Sunday, September 14, 2008

Libertarians and Responsibilities

From the WQ (Summer 2008, page 28):

When government takes over the responsibility from citizens, the citizens can't develop their own values anymore. So when you want people to develop their own values in how to cope with social interactions between people, you have to give them freedom.
-- Hans Monderman, Netherlands traffic engineer

This concept is so simple, even a European government worker can understand it. At least the Europeans offer benefits to all citizens, not just government workers, which creates less resistance to increased taxation. These generous benefits, however, create opposition to immigration, because more people entering a country sap the benefits from existing persons, assuming a stable and finite tax base. America, thus far, has been more open to immigrants, which is responsible for much of its success.

Housing's Real Issue: Bigger Ain't Always Better

The Wilson Quarterly (WQ, Summer 2008, Vol. 32, No. 3) published an article by Witold Rybczynski about affordable homes.

What's driving the high cost of houses today is not increased construction costs or higher profits...but the cost of serviced land.

The author refers to "serviced land" in two ways: one, the passing of costs from the government to developers for infrastructure; and two, NIMBY (Not In My BackYard).

Prior to Prop 13, the government would increase taxes on local communities for services that followed increased population growth, such as new roads, new parks, sewers, and general maintenance. Now, many local governments cannot increase property taxes to make up for the increased need for services, so they force developers to pay these costs if they want to build. The developers take the financial infrastructure hit up front and pass those costs onto the homebuyer at the end in the form of higher home prices.

NIMBY is easy to understand in this case. There is "widespread resistance to growth," so locals pass zoning laws and restrict building permits to prevent more houses from being built. These legally mandated slow growth policies lead to pent-up demand and not enough supply of houses, causing artificially inflated values. Anyone who's lived in Northern California and New York knows there isn't a problem with overpopulation and population density in California to justify California's slow growth policies--at least not yet. Rybczynski says,

According to the research of economists Edward Glaeser of Harvard and Joseph Gyourko of the Wharton School, since 1970 the difficulty of getting regulatory approval to build new homes is the chief cause of increases in new house prices. In other words, while demand for houses has been growing, the number of new houses that can actually be built has been shrinking.
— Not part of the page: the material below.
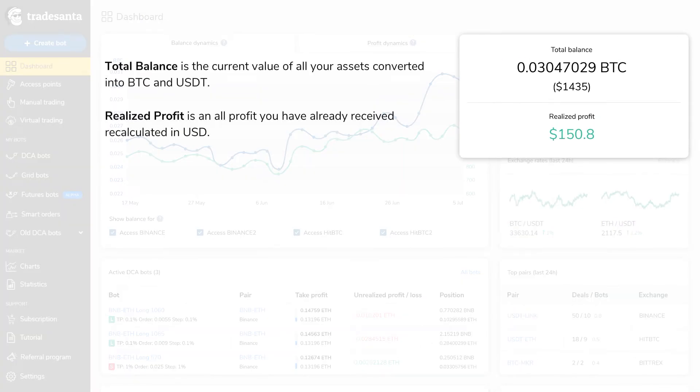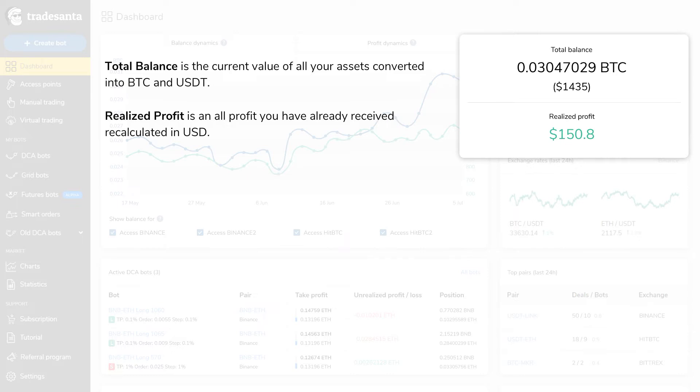Total Balance is the value of all your assets converted into BTC and USDT at this moment. This also includes the coins that are currently locked in orders. Realized Profit is an all-time realized profit you received, calculated in USD, updated once a trading cycle closes.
One tactic cities use to stall new homes is zoning for large lots, like one acre. This forces larger houses and higher prices. In the past, many individual homes would be only 1/6 of an acre. Rybczynski states,

Smaller houses on smaller lots are the logical solution to the problem of affordability, yet density--and less affluent neighbors--are precisely what most communities fear most.

I would love to see a return to smaller houses. One advantage of not having a lot of space is people will consume less if they know there isn't so much space to hold their new purchases.
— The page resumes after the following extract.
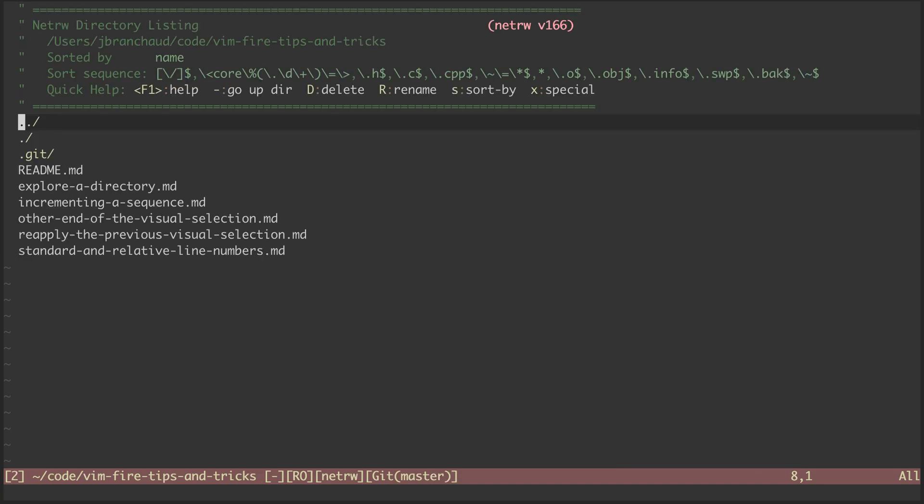This view is netrw, which, simply put, is a built-in plugin for browsing your file system.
Follow-up from Mankiw's blog: Assar Lindbeck once called rent control "the best way to destroy a city, other than bombing." Rent control is another regulation that discourages new real estate development by providing an incentive for renters not to move. At the same time, it discourages new developers from investing in new buildings because the owners will be unable to charge higher market prices. I am conflicted about rent control, because there must be some cap on rent increases that will satisfy both renters and developers. Leaving renters to the pure whims of landlords doesn't seem ideal. Of course, in trying to establish an ideal cap on rent increases, we could end up with the problem of the cap actually inflating rents. For instance, if we enact a 5% annual cap, all landlords will probably raise the rent 5% a year when they might have kept the rent unchanged without the law.